### What needs to be done
Each line of the data must be written out again verbatim; no image belongs in the copy.

### Data below
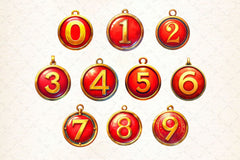 Christmas Ornaments Alphabet Clipart Bundle - CraftNest - Digital Crafting and Art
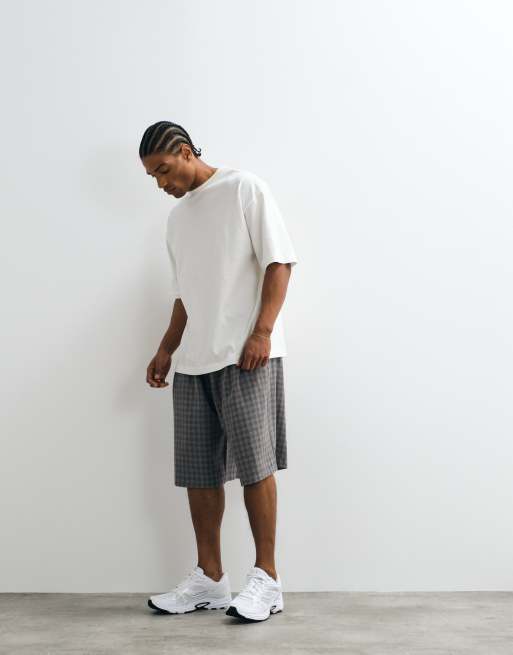 ASOS DESIGN oversized t-shirt with bubble text graphic in off white, 2 of 5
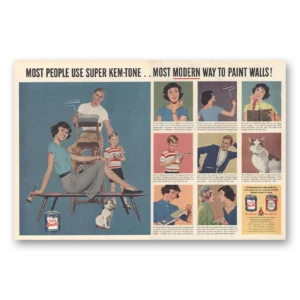 1959 Super Kem Tone Paint Print Ad | Super Kem Tone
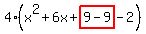 4%28x%5E2%2B6x%2Bhighlight%289-9%29-2%29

### Solved exercise
 Christmas Ornaments Alphabet Clipart Bundle - CraftNest - Digital Crafting and Art
 ASOS DESIGN oversized t-shirt with bubble text graphic in off white, 2 of 5
 1959 Super Kem Tone Paint Print Ad | Super Kem Tone
 4%28x%5E2%2B6x%2Bhighlight%289-9%29-2%29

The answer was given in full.